The current very high global debt level public and private in a slow growing world is an experiment I believe. I don't think it's possible to firmly claim that investors in own currency debt of developed (let alone other) govt issuers aren't taking credit risk. And if there's even a limited realization that they actually might be taking a non-negligible amount, the market consequences could be significant since so many investors now believe otherwise.
Last edited by Johno on Sun May 24, 2015 11:34 am, edited 1 time in total.

User avatar
nisiprius
Advisory Board
Posts: 41037
Joined: Thu Jul 26, 2007 9:33 am
Location: The terrestrial, globular, planetary hunk of matter, flattened at the poles, is my abode.--O. Henry

Re: Why government bonds at all?

Post by nisiprius » Sun May 24, 2015 11:33 am

midareff wrote:
nisiprius wrote:...The relative performance of the mostly-corporate Vanguard Intermediate-Term Investment Grade bond fund (blue) and the Vanguard Intermediate-Term Treasury bond fund (orange) during 2008-2009 shows that pragmatic capitalists had more confidence in the Treasury than in corporations to pay their bills when the going got really tough....
Yes, it shows exactly that for the 18 month or so applicable period....
I wasn't suggesting that government bonds were superior, or that one should time the bond market and get into Treasuries just to catch the "flights to safety." My personal taste is for Total Bond, which... interestingly enough... had about the right balance of corporates and government that it sailed through 2008-2009 almost in a straight line. I really liked that!

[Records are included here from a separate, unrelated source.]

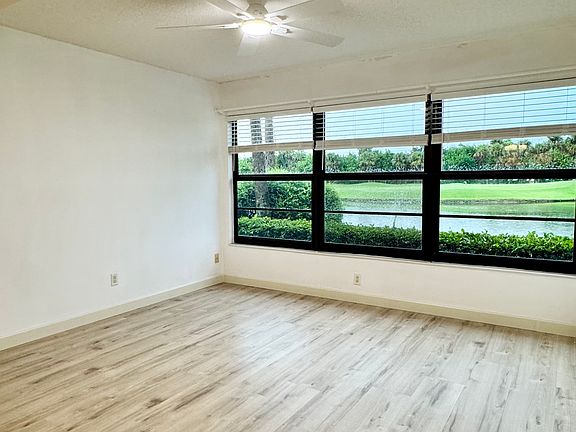 Gorgeous brand new luxurious vinyl plank floors throughout + STUNNING expansive lake & golf course views to enjoy!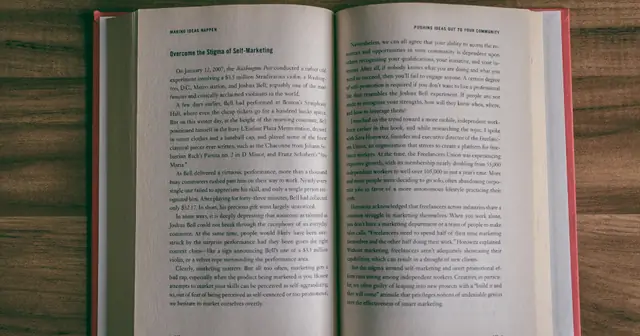 Open book with pages of text on a table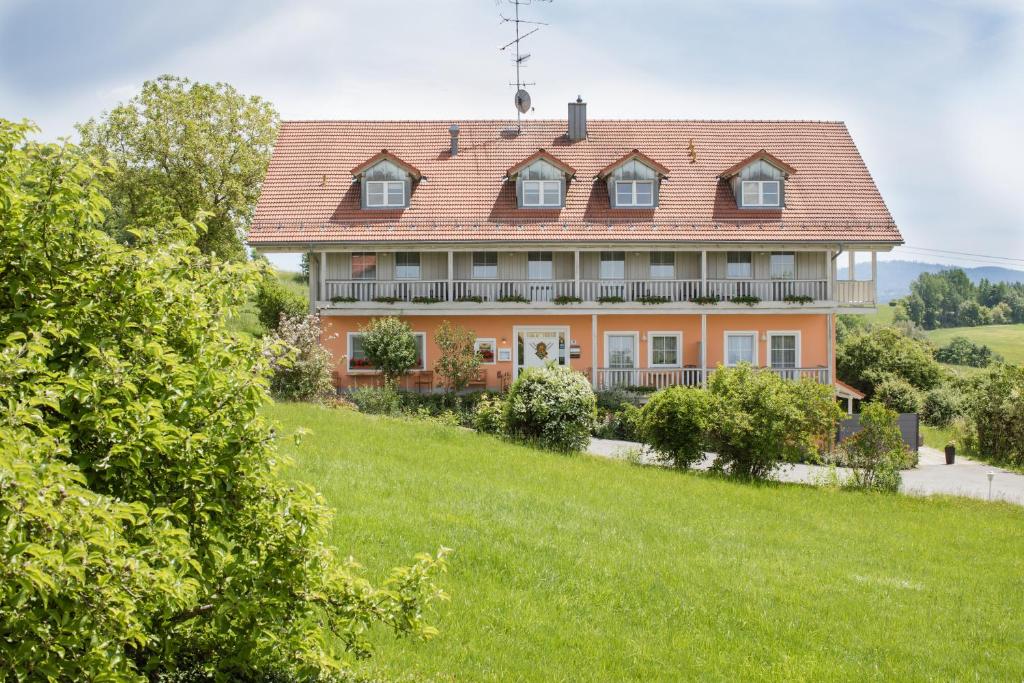 勒赫尔恩巴赫Landhotel Eibl的绿色田野顶部的一座大型橙色房子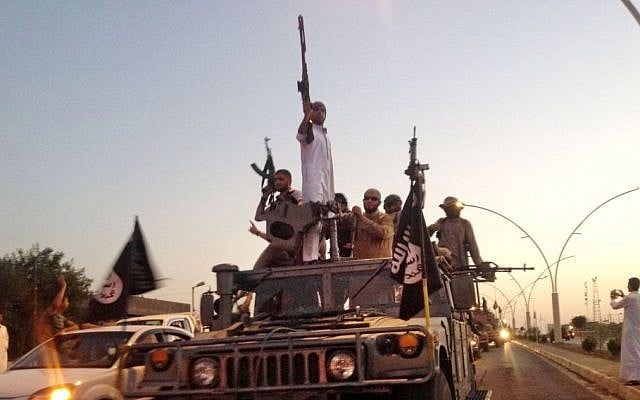 Fighters from the Islamic State group parade in a commandeered Iraqi security forces armored vehicle down a main road at the northern city of Mosul, June 23, 2014. (photo credit: AP/File) Fighters from the Islamic State group parade in a commandeered Iraqi security forces armored vehicle down a main road at the northern city of Mosul, June 23, 2014. (photo credit: AP/File)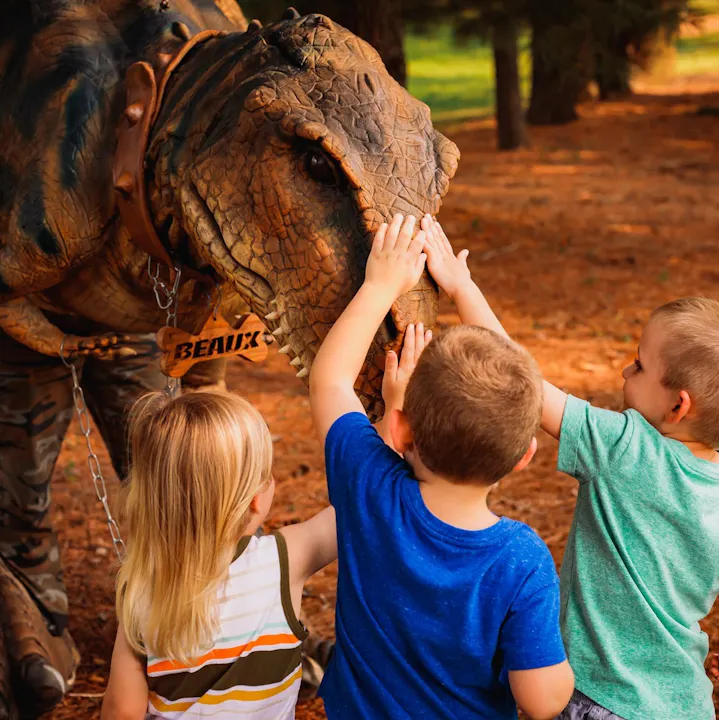 Three kids are happily touching the face of a life-like dinosaur costume in a natural setting.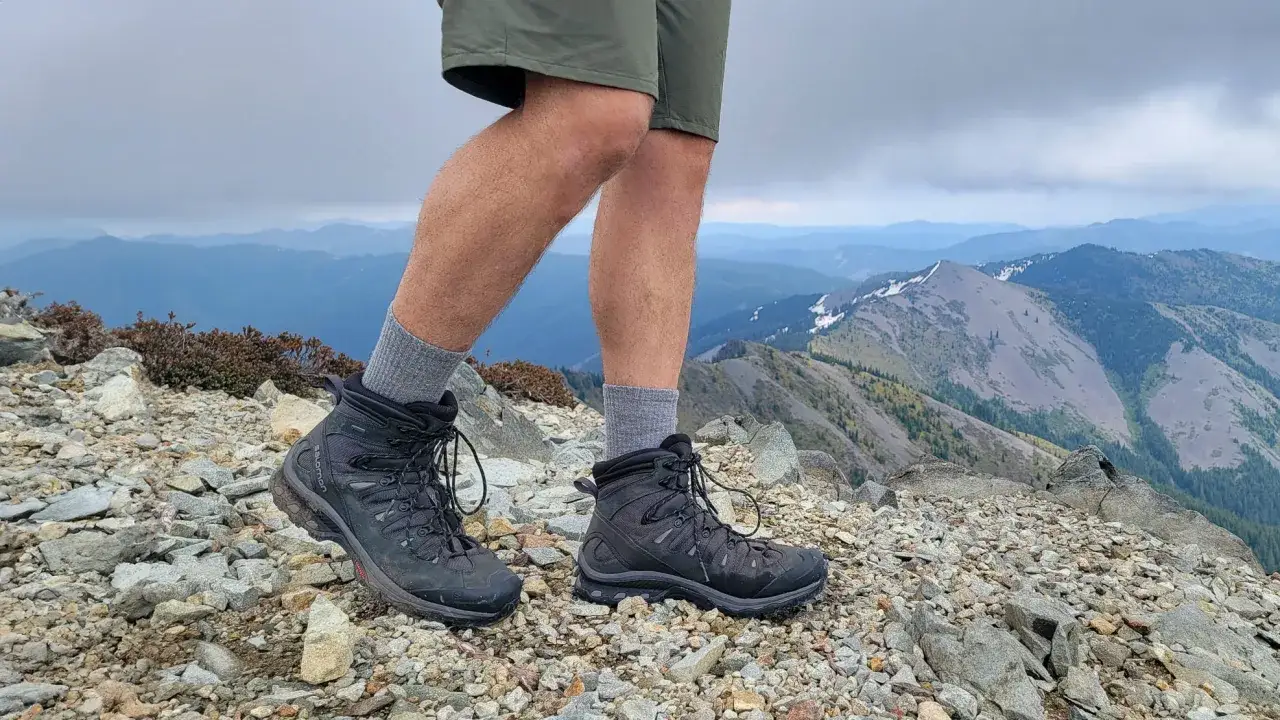 A hiker's legs in hiking fit boots and grey socks stand on a rocky mountain summit, with a vast, layered mountain range stretching into the distance under a cloudy sky.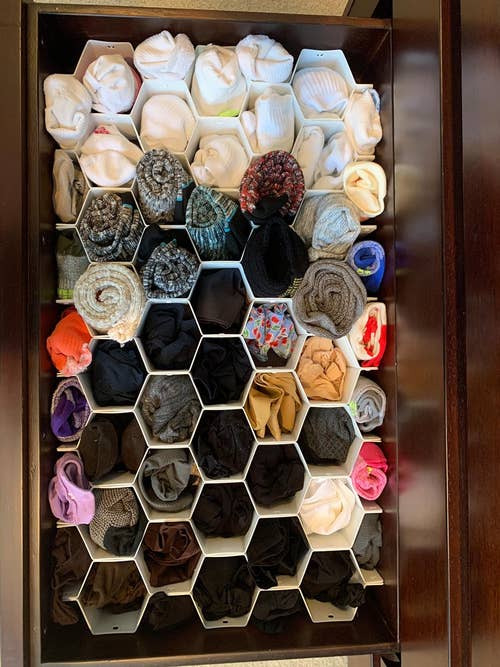 Drawer with various clothes organized in compartment dividers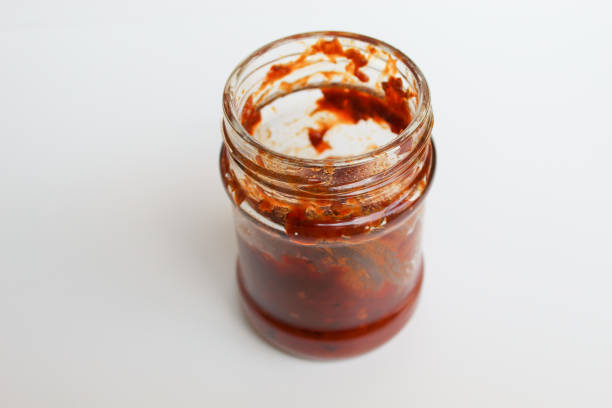 istock Sambal is an Indonesian chilli sauce or paste. In a transparent glass jar. Isolated on white background 2189085157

I was suggesting that the obvious "flight to safety" suggests that most investors agree with the ratings agencies that U.S. Treasuries truly do have lower risk than the average corporate. That doesn't make them better, just less risky.

Vanguard Interm-Term Treasury VFITX--Morningstar average credit quality AA.
Vanguard Intermediate-Term Corp Bd ETF VCIT--Morningstar average credit quality A.

As for which is best, at a quick peek:

Vanguard Interm-Term Treasury Inv VFITX, 15-year Sharpe ratio 0.82
Corporate-heavy Vanguard Interm-Term Invmt-Grade Inv VFICX, 15-year Sharpe ratio 0.92

So, over the last 15 years you can say corporates had slightly better risk-adjusted return.

As for what a young person should do within a balanced portfolio that includes stocks, I think the question is "how much of the portfolio should be in something relatively low-risk?" I just can't believe that an investor who is 50% stocks is ever going to notice the difference, in their whole portfolio, between one flavor of intermediate-term government bonds and another. I think one should just pick some reasonable bond fund, adjust risk to taste by adjusting stock/bond ratio, and leave it at that.

If one were 95% bonds, 5% stocks then it might make some sense trying to think about the risk/reward proposition for bonds, and whether there is an argument for "corporate bonds for the long run" that similar to the (debated!) argument for "stocks for the long run."
Annual income twenty pounds, annual expenditure nineteen nineteen and six, result happiness; Annual income twenty pounds, annual expenditure twenty pounds ought and six, result misery.

User avatar
dodecahedron
Posts: 5059
Joined: Tue Nov 12, 2013 12:28 pm

Re: Why government bonds at all?

Post by dodecahedron » Sun May 24, 2015 11:44 am

toto238 wrote:
Charities also build infrastructure, invest in citizen's education, and do a lot of other things beneficial to the entire society. And many charities have steady cash flow that make them very low credit risks.

I put it back to you: Why don't you invest in the bonds of charities and other non-profits?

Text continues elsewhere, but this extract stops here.